Exercise brief: With pictures left out, only the lines from the one containing "日本 zootie - 百搭經典圓領牛仔外套/襯衫-深藍" through the end of the records should be reproduced exactly, please.

Pictures with short captions
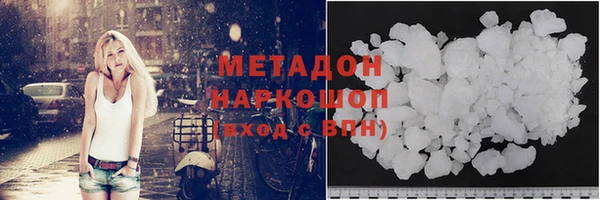 альфа пвп VHQ Балабаново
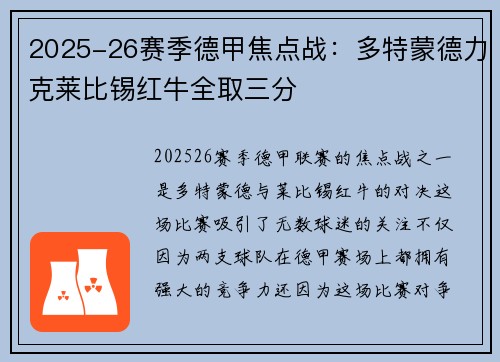 2025-26赛季德甲焦点战：多特蒙德力克莱比锡红牛全取三分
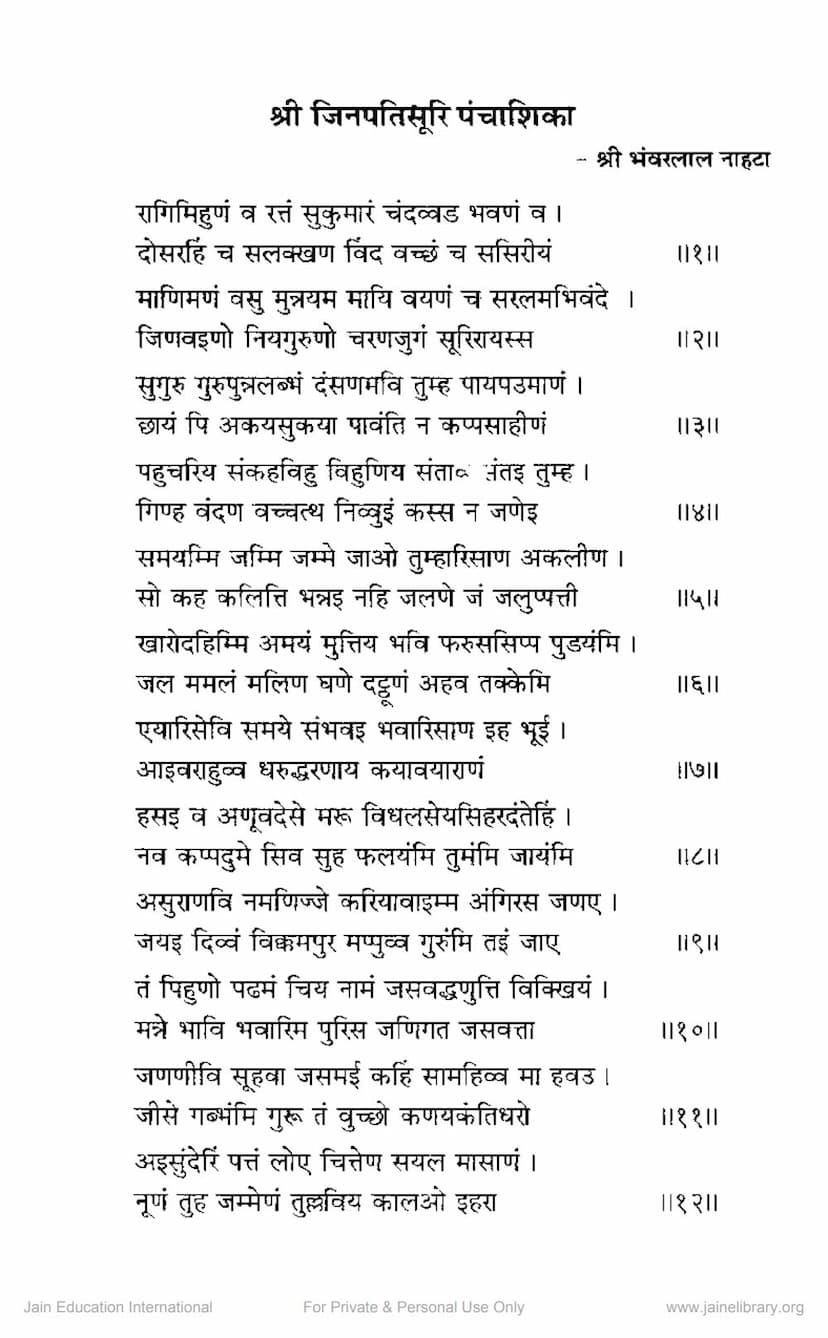 First page of Jinpatisuri Panchashika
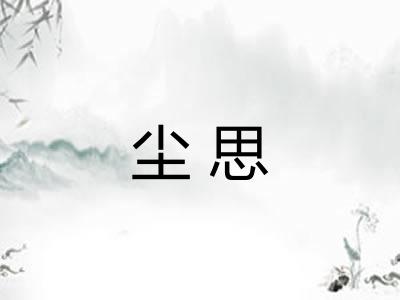 尘思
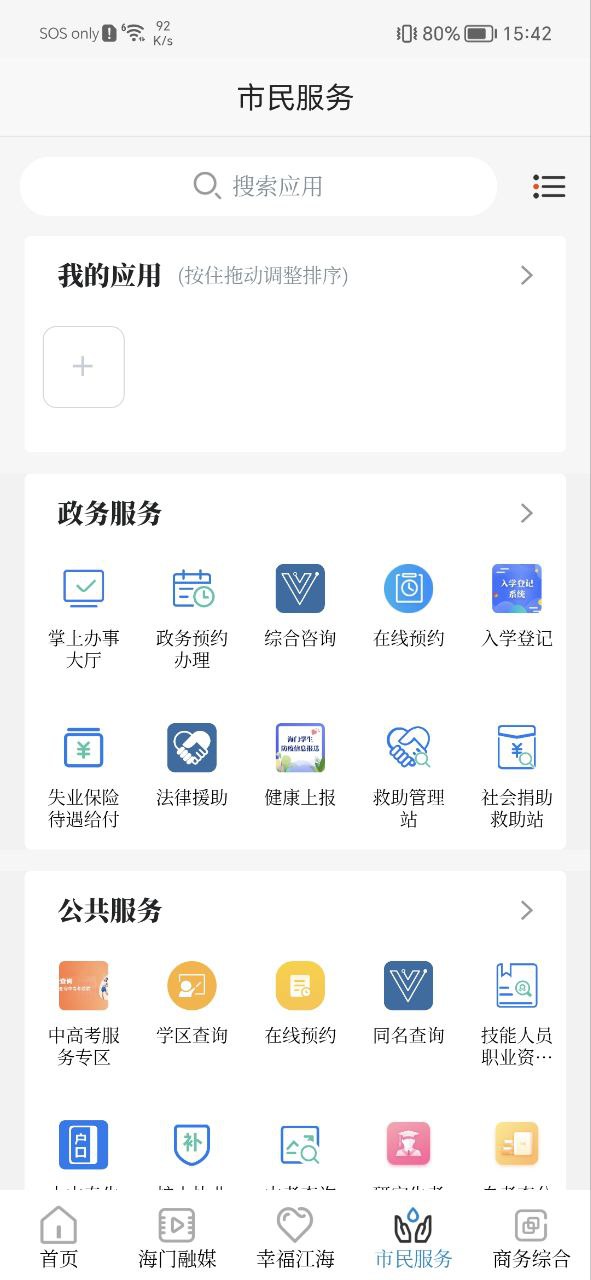 无线海门免费下载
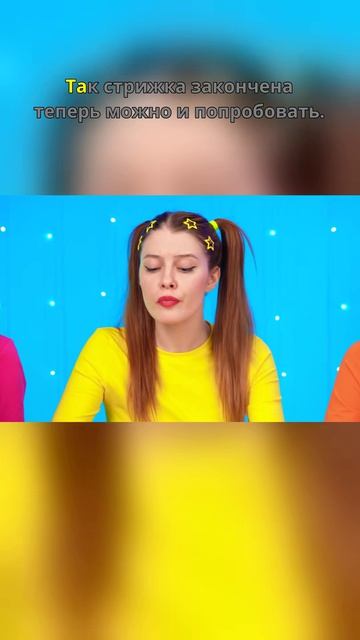 😳 Это всё ещё НЕ съедобно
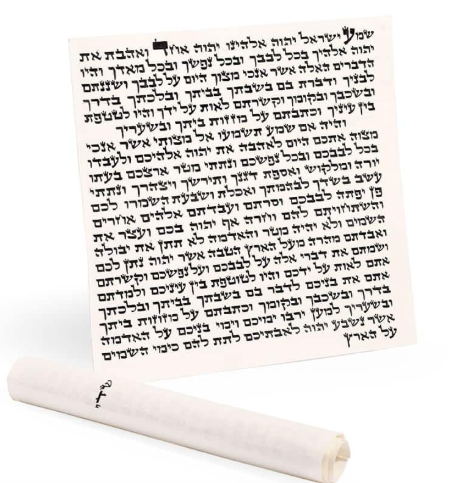 מה מיוחד בקלף מזוזה שנכתב על ידי סופר סת"ם מוסמך?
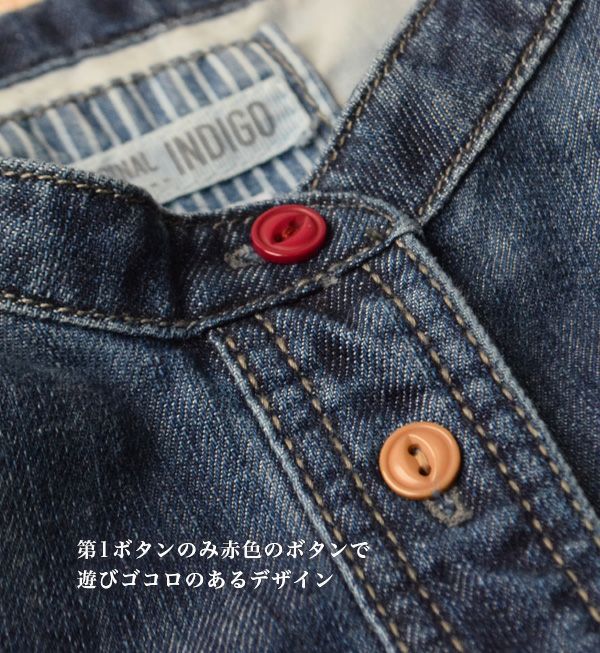 日本 zootie - 百搭經典圓領牛仔外套/襯衫-深藍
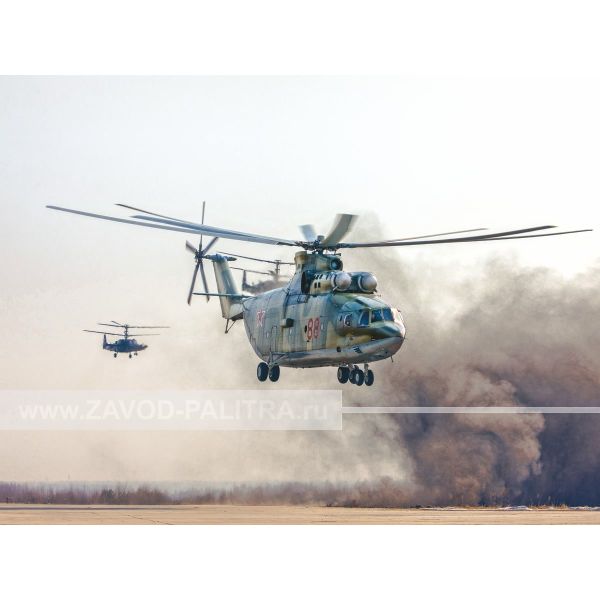 Картина на холсте «Ми-26 на посадке» артикул: 64044-11. Заказать на сайте Zavod-Palitra.ru с доставкой по России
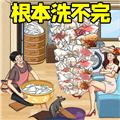 根本洗不完 最新版v1.0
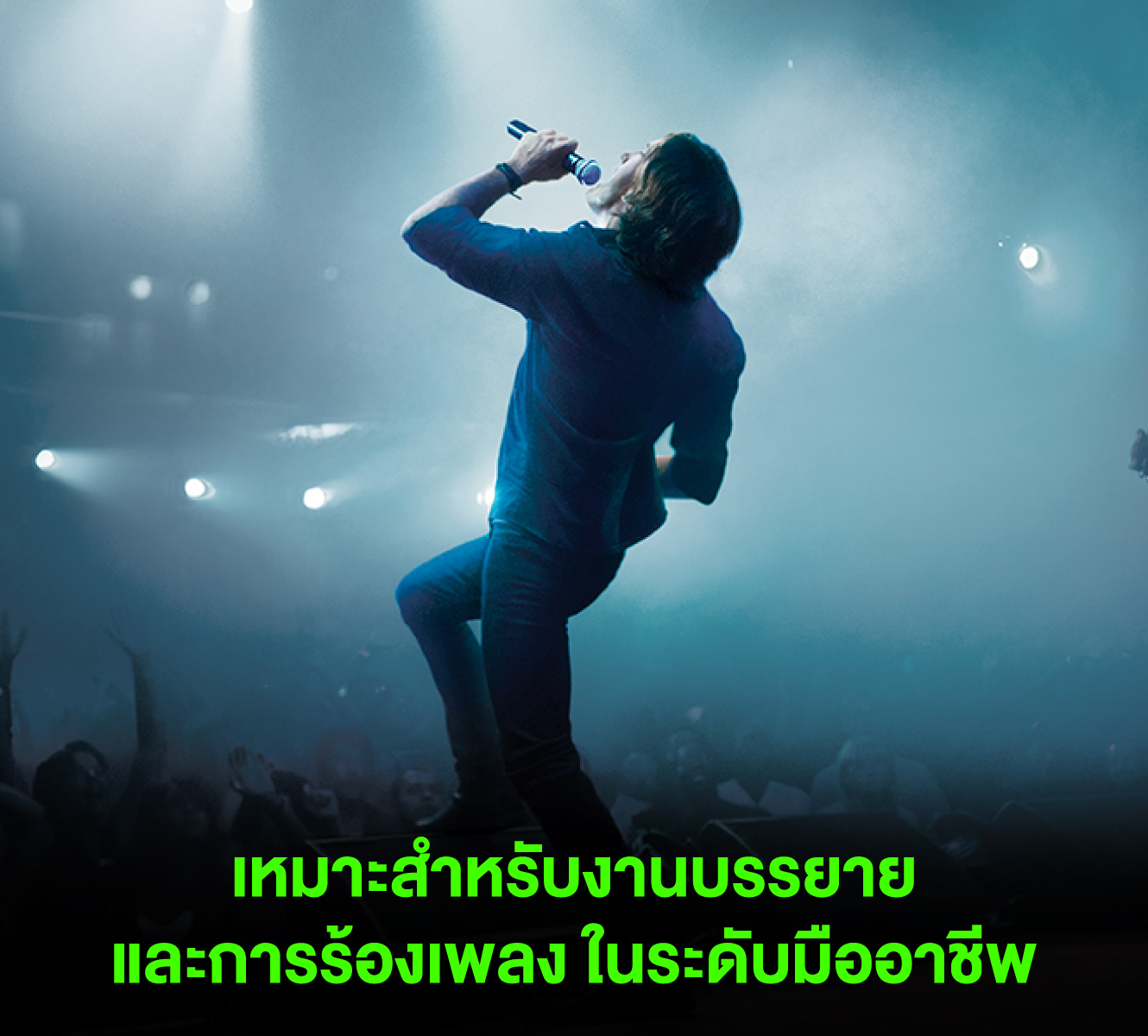 Shure Blx288th/beta58-Q12 ชุดไมโครโฟนไร้สายคู่ พร้อมหัวไมโครโฟน Beta® 58a ย่านความถี่ Q12
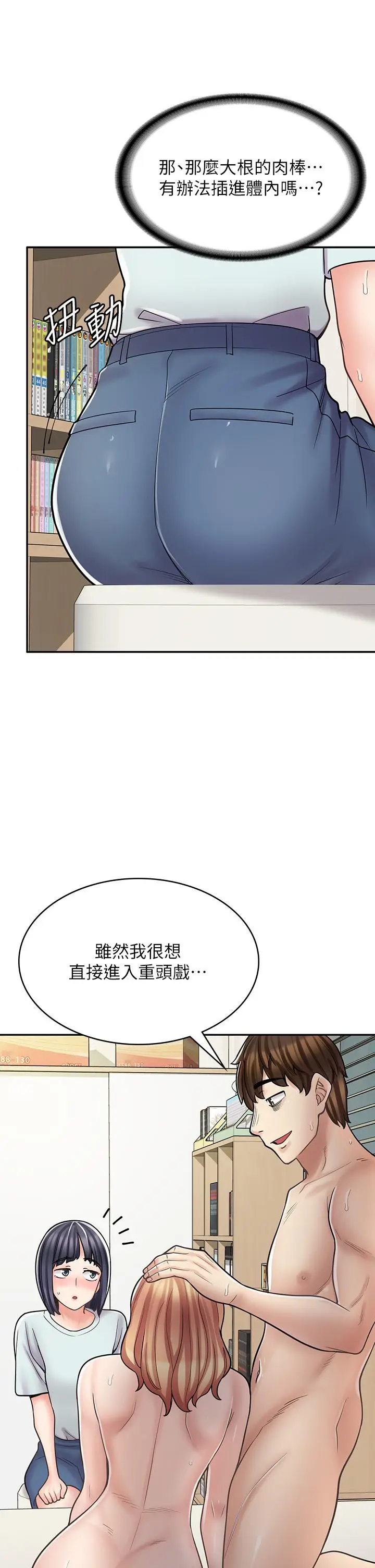 漫画《漫画店工读生》第31话第2张图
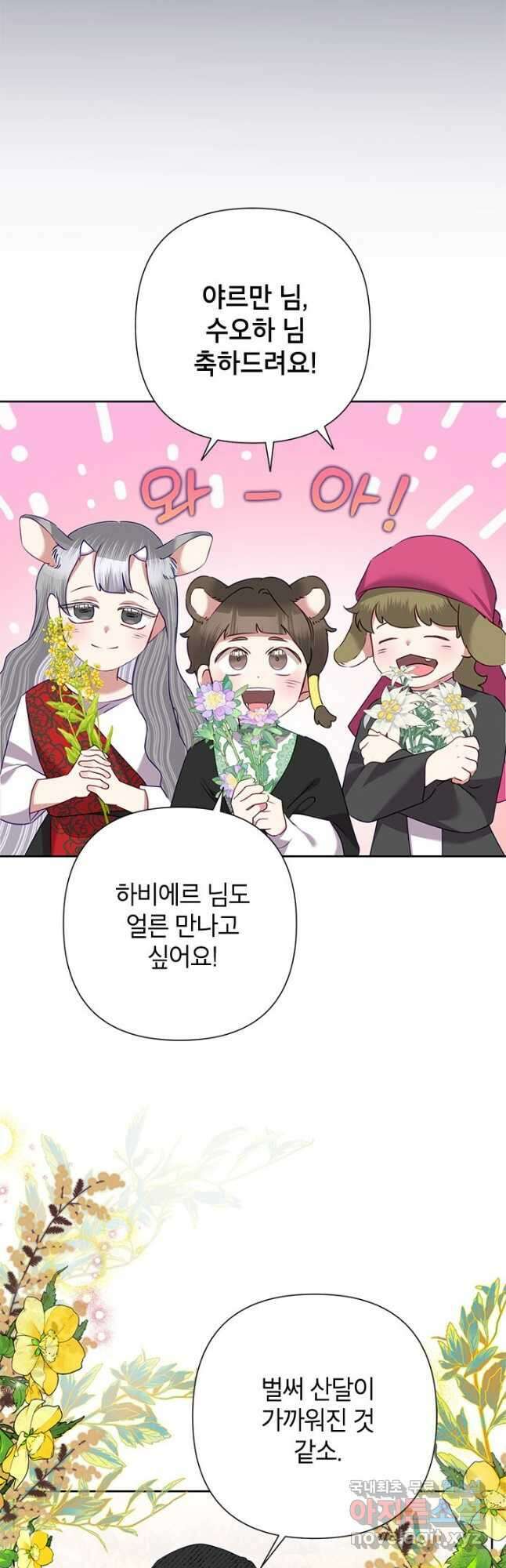 악녀는 오늘도 즐겁다 70화 3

Answer to the exercise:
 日本 zootie - 百搭經典圓領牛仔外套/襯衫-深藍
 Картина на холсте «Ми-26 на посадке» артикул: 64044-11. Заказать на сайте Zavod-Palitra.ru с доставкой по России
 根本洗不完 最新版v1.0
 Shure Blx288th/beta58-Q12 ชุดไมโครโฟนไร้สายคู่ พร้อมหัวไมโครโฟน Beta® 58a ย่านความถี่ Q12
 漫画《漫画店工读生》第31话第2张图
 악녀는 오늘도 즐겁다 70화 3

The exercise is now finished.